A workaround is to use customize preprocessor. But I think better ideas are to (1) provide a config to disable shape check, (2) collect latest observation_space / action_space from runtime environment.
I remember in very old version of rllib, say v0.6, this issue does not exist and I can just change obs,reward,done,info whatever I like — only with the constrains that the keys in those dict are aligned with each other.
Hey @pengzh , which algorithm are you using? QMIX?
If you are using a non-MARL specific algo (using our multiagent API), your observation space should not depend on how many agents are present in the episode, but should be an individual agent’s space.
Hey Sven! I am just using independent PPO (with shared policy name, so there is only one policy).
I do find that there is a place to create remote worker with (policy_cls, env.observation_space, env.action_space, config) and that’s the reason that causes my issue.
I think, since the config['multiagent']['policies'] config should already specify the obs space for each policy, rllib should not query env.observation/action_space to create policies in remote worker. This is problematic, because the environment might have different “kinds” of agent and they might not have same spaces.
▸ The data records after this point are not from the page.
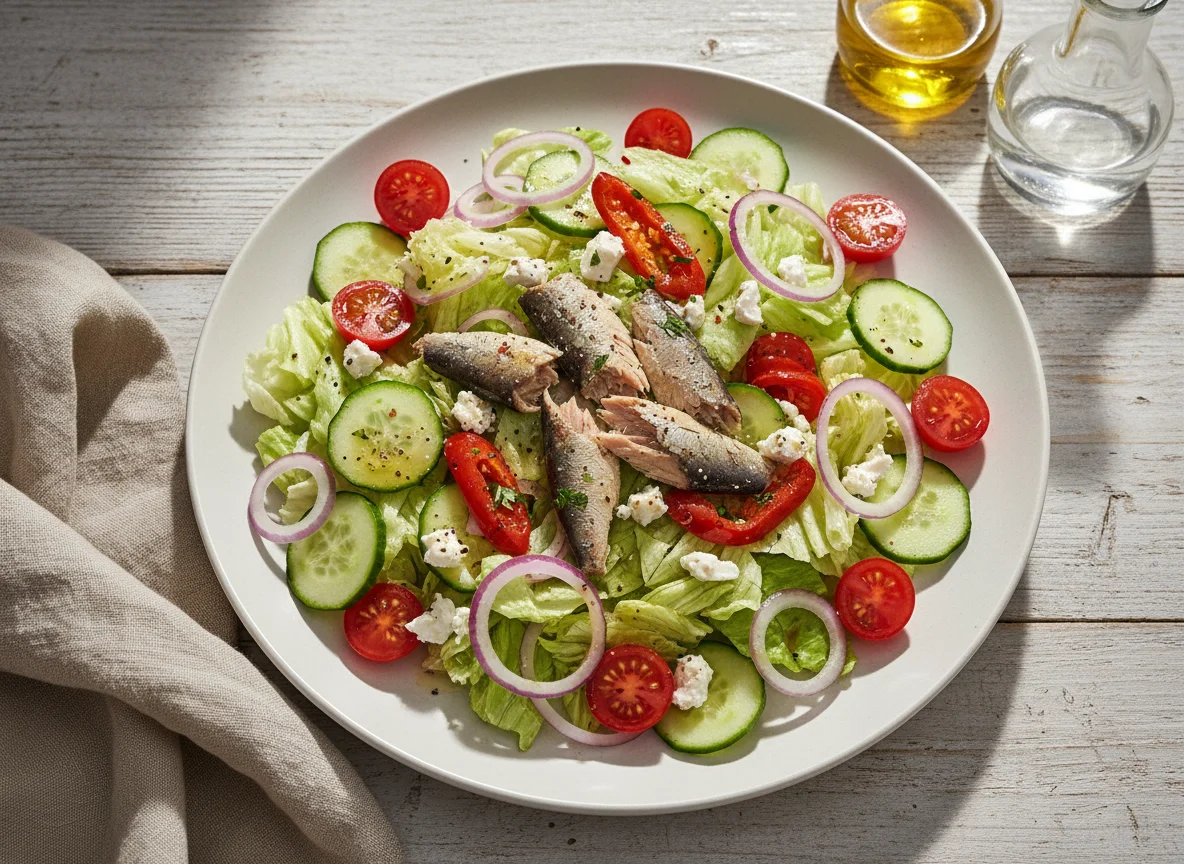 Salat mit Sardinen und Peperoni photo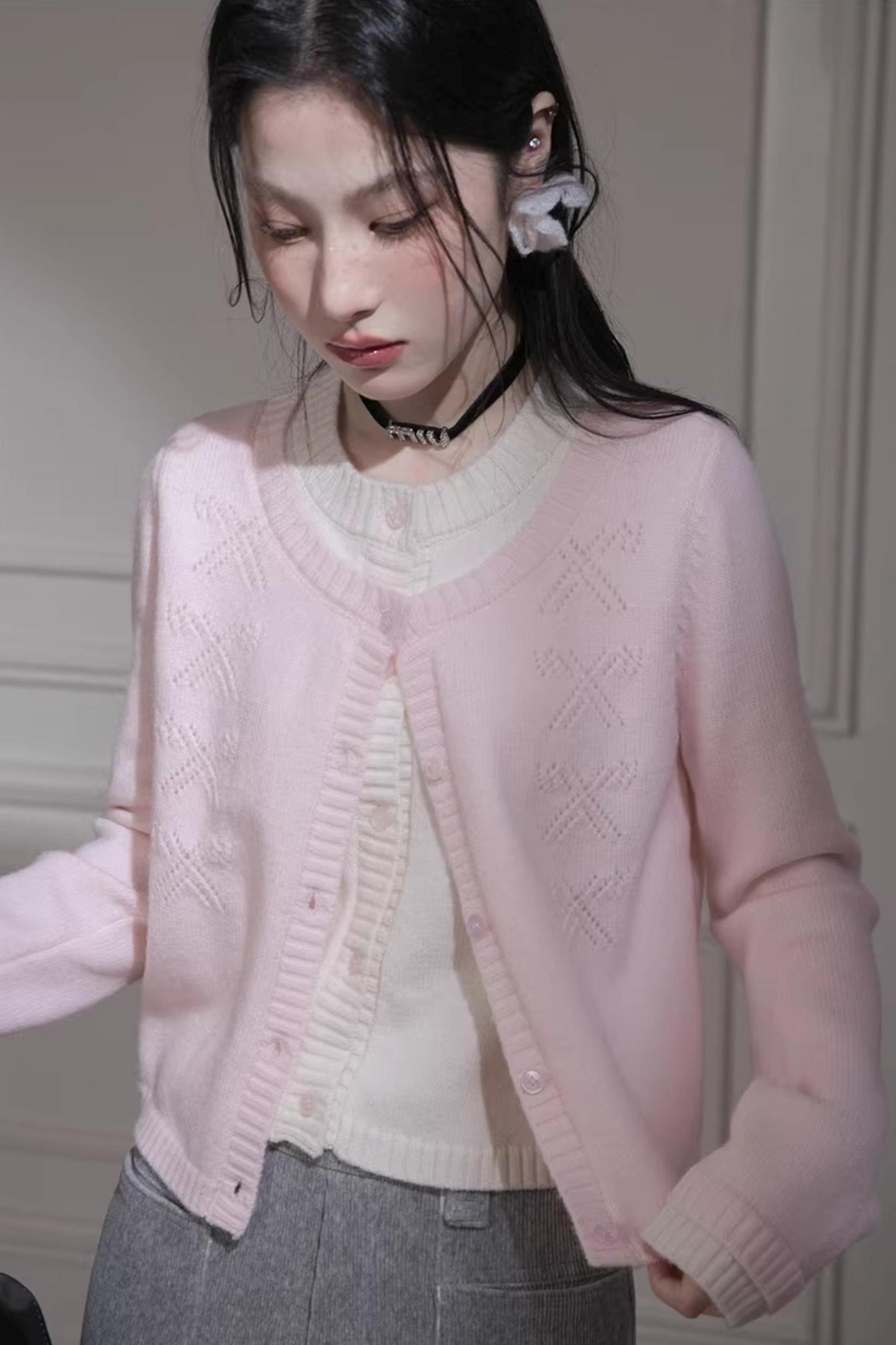Peach Milkshake Wool Cardigan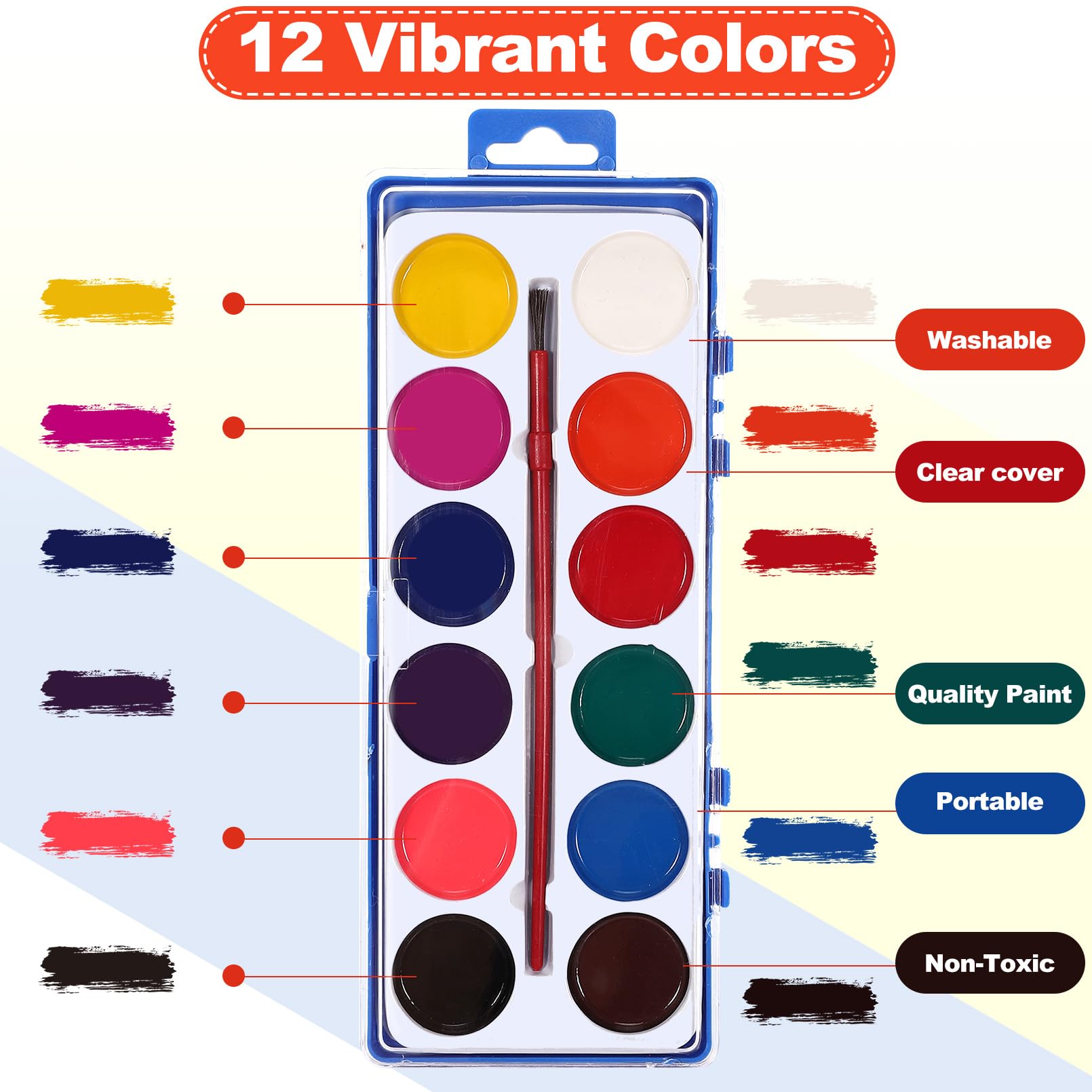 Rpc Color Snapklik.com : Cptoion 24 Pack Watercolor Paint For Kids,12 Colors ...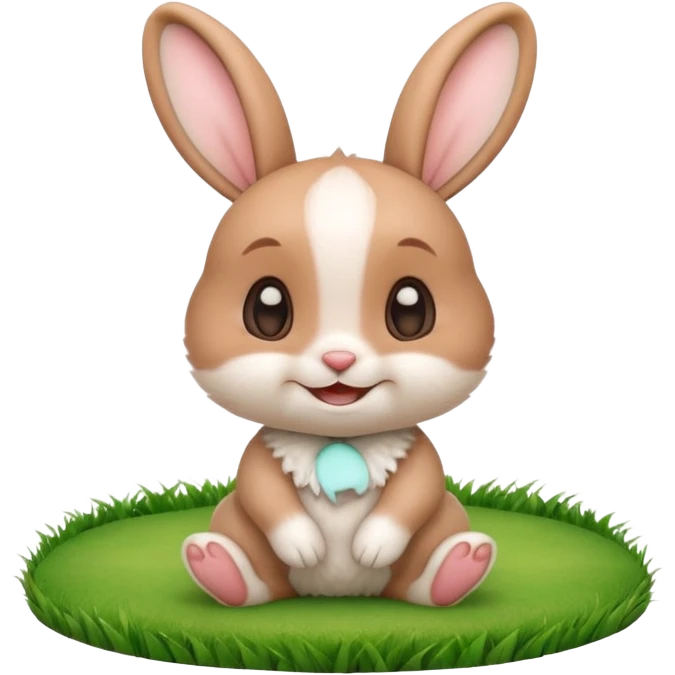 A cute 3D cartoon rabbit sitting on green grass, soft white fur, big ears, round eyes, and a cheerful smile, bright natural lighting, Memoji-style. emoji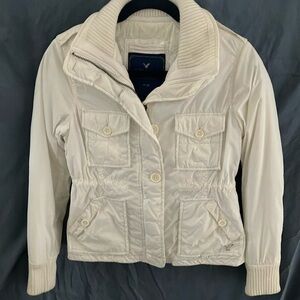 American Eagle Outfittters: Ivory Wind resistant belted Jacket- lightweight- XS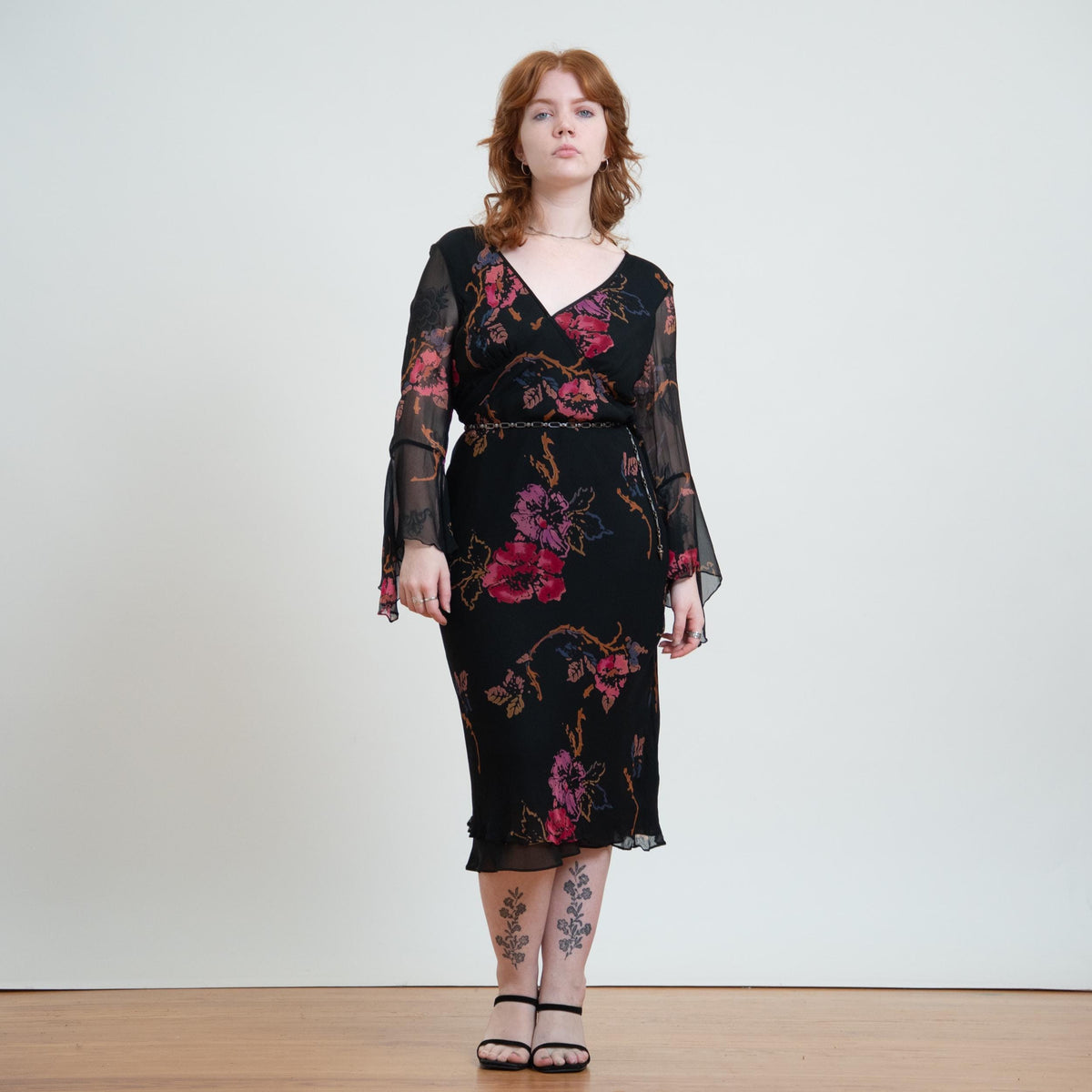 Vintage Y2K Black Floral Silk Angel Sleeve Dress - Large | 2000s Boho Bias Cut Fairy Dress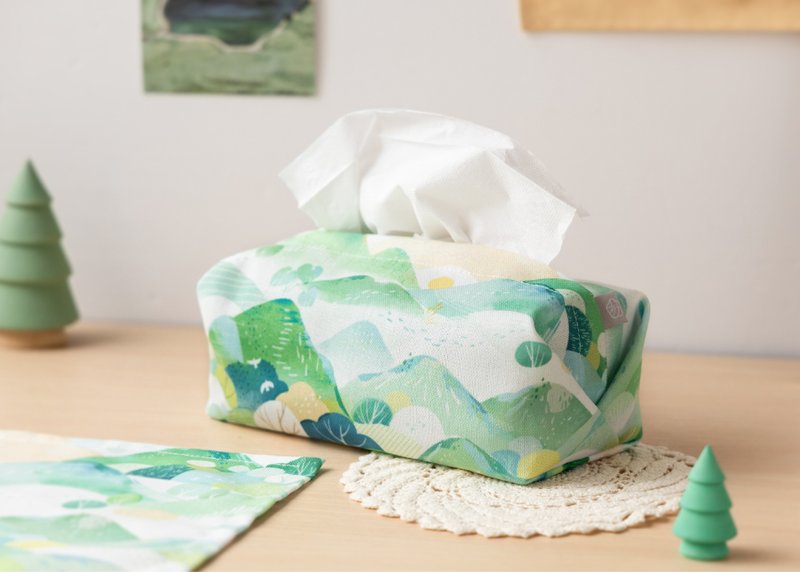 [Summer Hiking-Toilet Paper Cover] Desktop/Stiff Style - กล่องทิชชู่ - เส้นใยสังเคราะห์ สีเขียว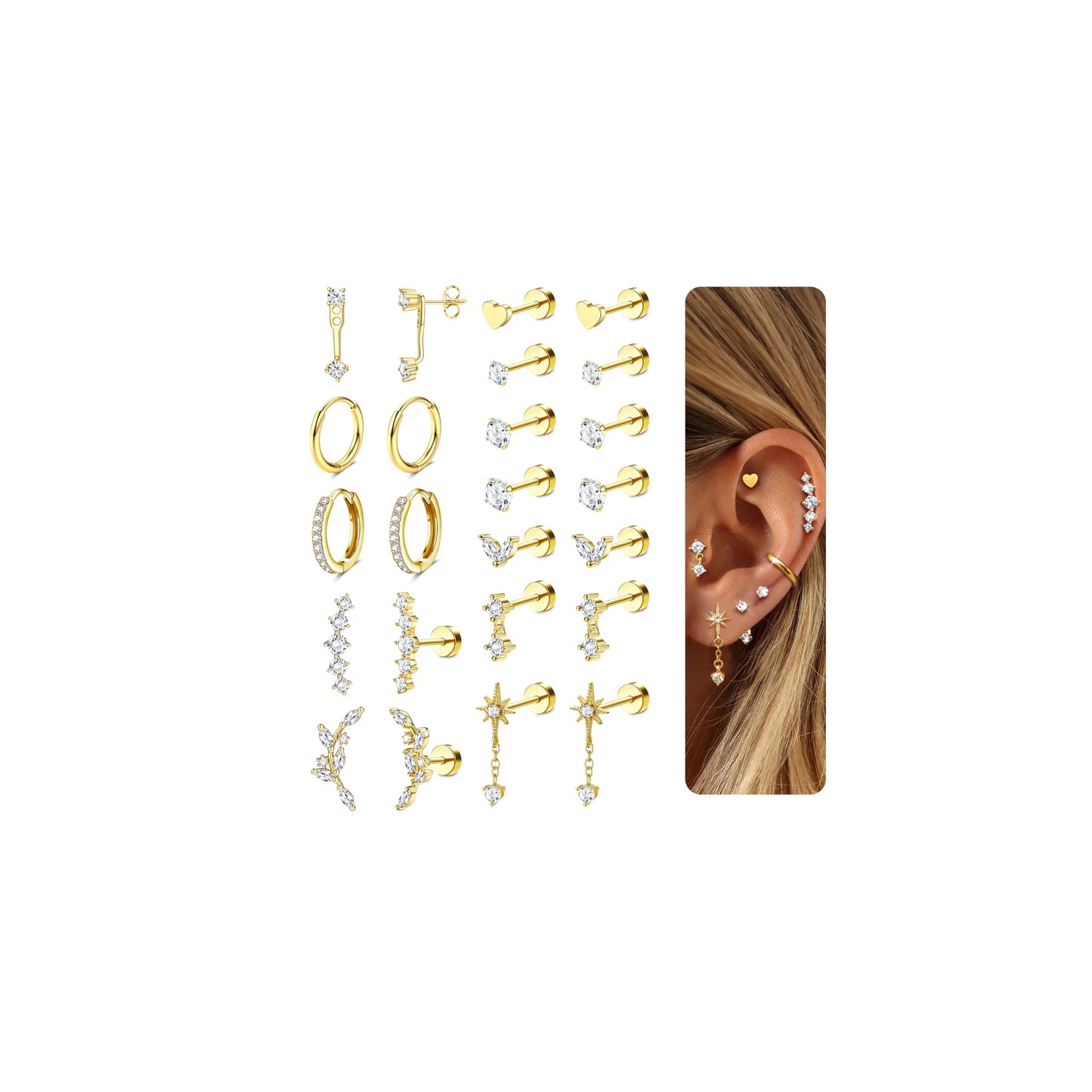LOLIAS Hypoallergenic Flat Back Earrings Cartilage Earring Stacks - Surgical Steel Earrings for Sensitive Ears - Small Stainless Steel Flatback Stud Hoop Earring Sets for Helix Tragus Conch Daith Multiple Piercing Jewelry Trendy 14K Gold Plated
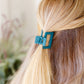 Small Square Claw Clip in Matte Teal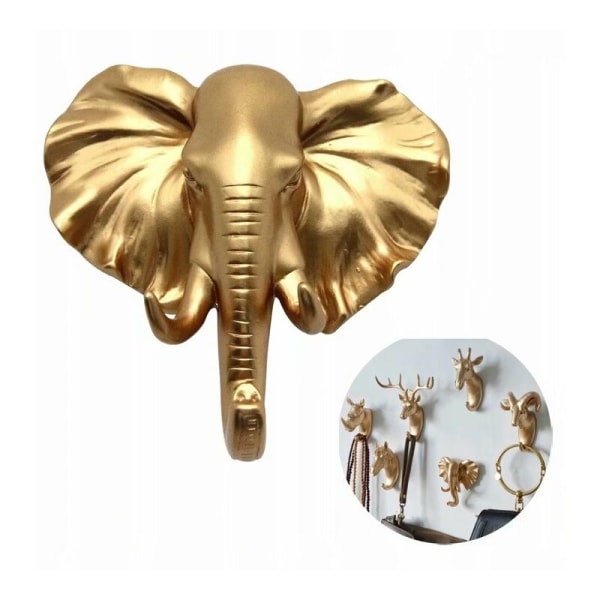 Klädhängare och klädhängare Handdukshängare Väggkrok Key Golden elefant djur klädhängare
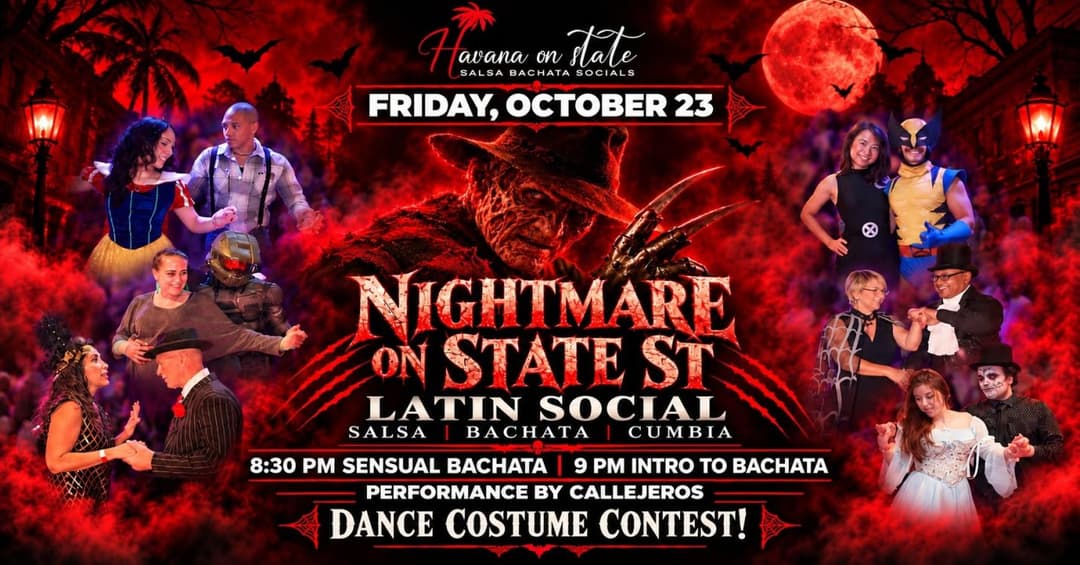 Nightmare on State St – Latin Social! Salsa, Bachata, Cumbia | Costume Contest and DANCE!!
Hey @pengzh I see your problem. But the thing is that a Policy can only handle one observation space and if you have different agents using the same Policy, but having different obs spaces, that’ll not work.
The main reason is that the Policy’s model(s) would have to have different first layer weight matrices to handle the different input formats.
RLLib has made an assumption that there is only one kind of observation/action space for all policies and it is exactly env.observation_space and env.action_space, if I understand it correctly.
So this hard-coded setting might makes users hard to use multiple spaces.
Sorry, I’m still not sure I understand 100%. The code you mention above is only used in the case, where you do not provide a policy dict (and RLlib has to create one automatically (from the env’s spaces)).
But even if you specified a policies dict in your multagent config, it’s not possible to have different agents, which all use the same(!) policy (as per your policy_mapping_fn), have different observation spaces.